Timeline of Events (UTC)
- 05:58: The initial incident occurred when a specific sandbox configuration was applied, triggering a panic and crash loop in the control plane. The issue was not immediately detected.
- 20:11: The instability was finally detected, and an investigation was formally initiated.
- 20:26: The on-call team identified the crash loop and correlated it with the problematic configuration from earlier in the day.
- 20:34: A hotfix to gracefully handle the configuration was deployed. The control plane stabilized.
- 20:38: The system was confirmed to be fully operational.

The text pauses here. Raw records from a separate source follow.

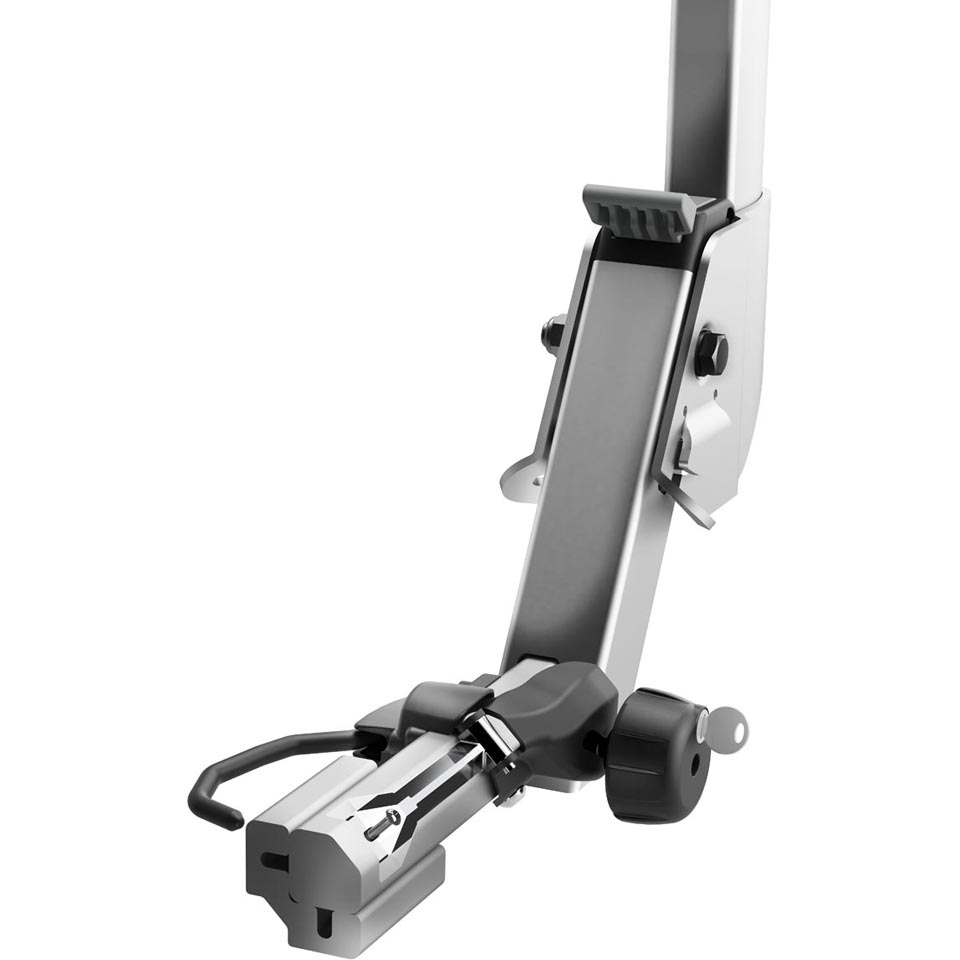 helium aero 2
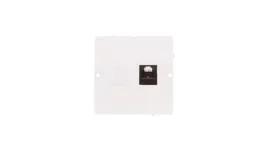 simon-basic-gniazdo-telefoniczne-pojedyncze-rj11-biale-bmtf1-02-11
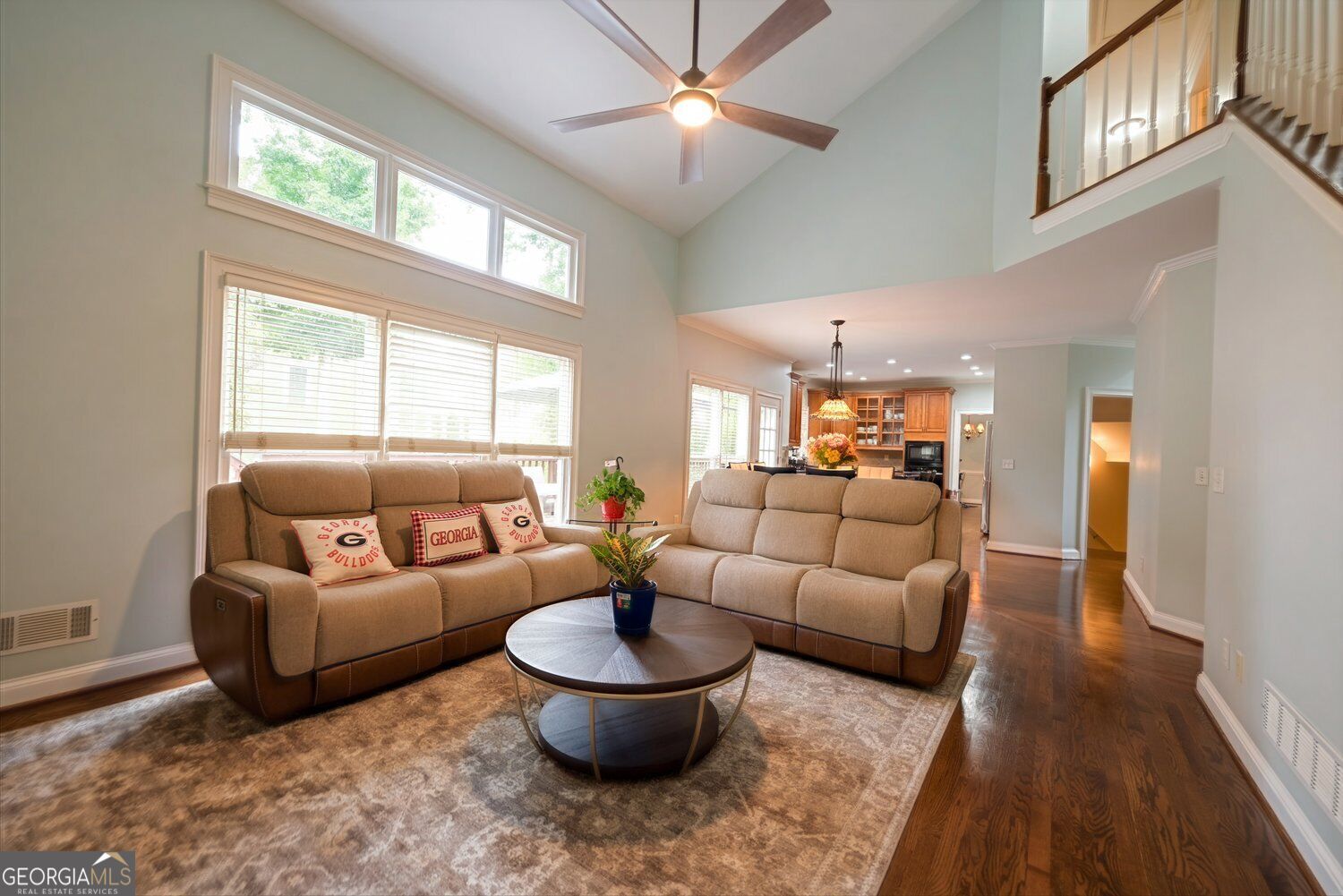 1055 Whitehawk Trail Nw Property Photo 37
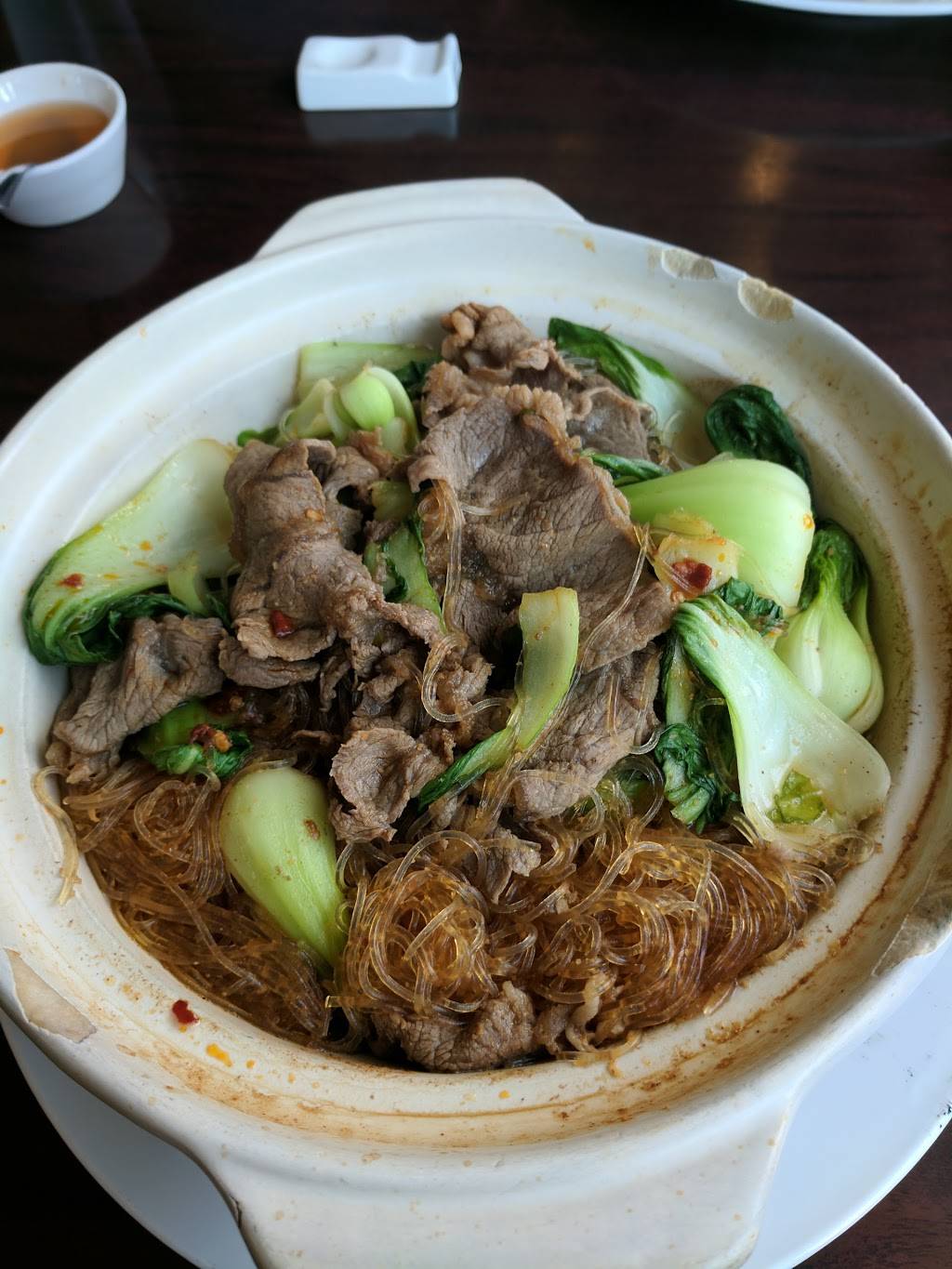 Beijing Chinese Restaurant | restaurant | 1709 Massachusetts Ave, Lexington, MA 02420, USA | 7818622100 OR +1 781-862-2100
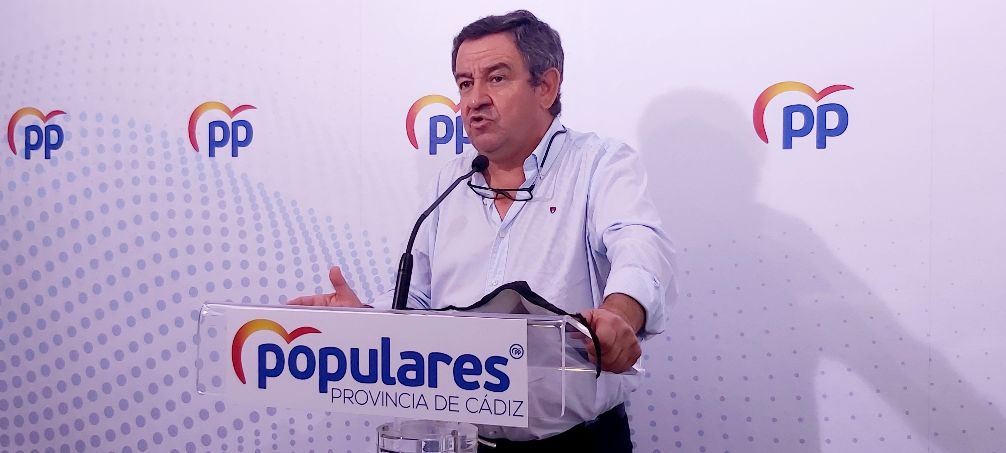 Pepe Loaiza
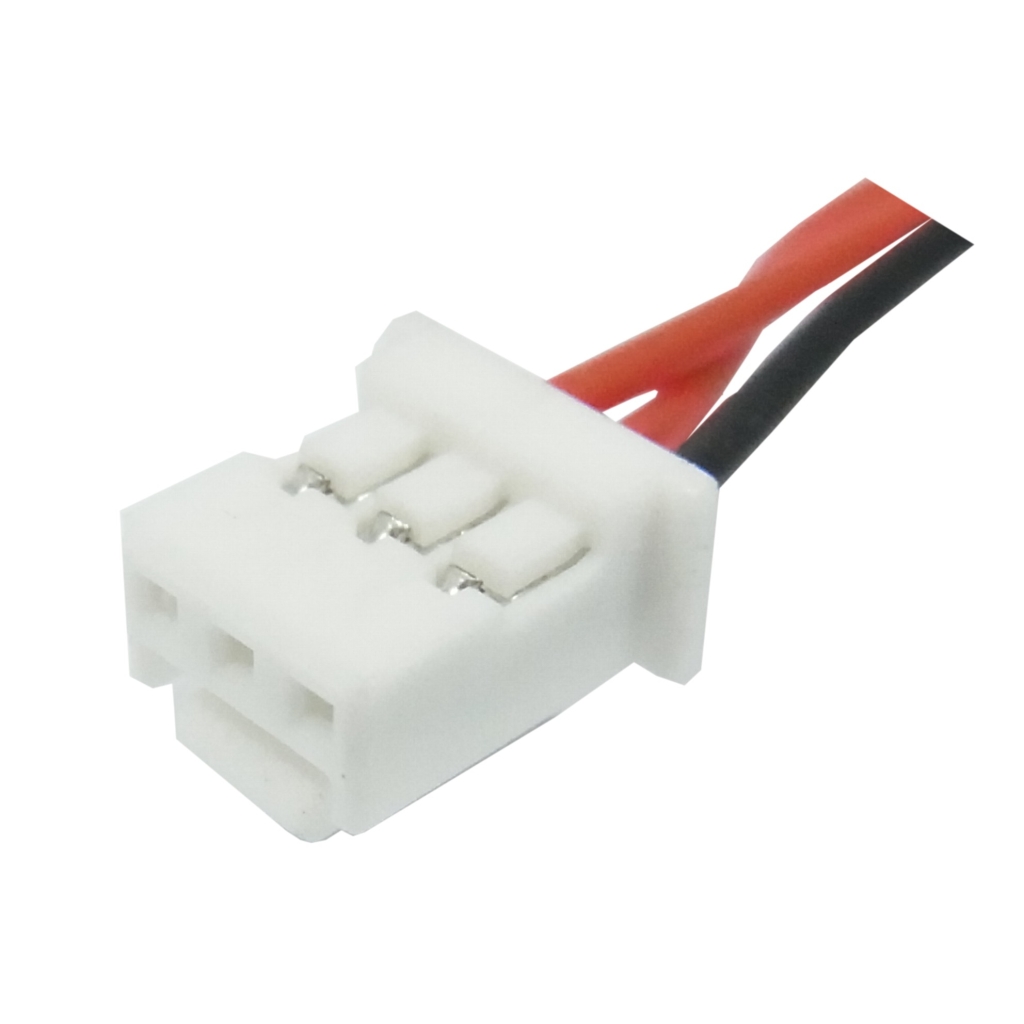 Remote Control Battery Urc CS-MX300RC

The incident was declared resolved.
Root Cause
The direct cause was a nil pointer dereference within the control plane's reconciliation loop, triggered by a specific, unhandled sandbox configuration. The service lacked adequate validation for this edge case, causing a panic. The service's automated restart policy then created a persistent crash loop. A significant contributing factor was a gap in monitoring and prober coverage, which failed to detect this class of failure, leading to a prolonged time-to-detection.
Resolution
- Detection: The issue was eventually detected through a combination of cascading alerts and manual investigation, hours after the initial failure. The primary automated probers did not exercise the code path that was failing.
- Mitigation: The immediate fix was a hotfix deployment. This patch modified the control plane logic to correctly parse the new configuration type, preventing the panic.
Corrective and Preventative Actions
- Enhance Prober Coverage: Update health and liveness probers to exercise edge-case configurations, ensuring faster detection of reconciliation failures.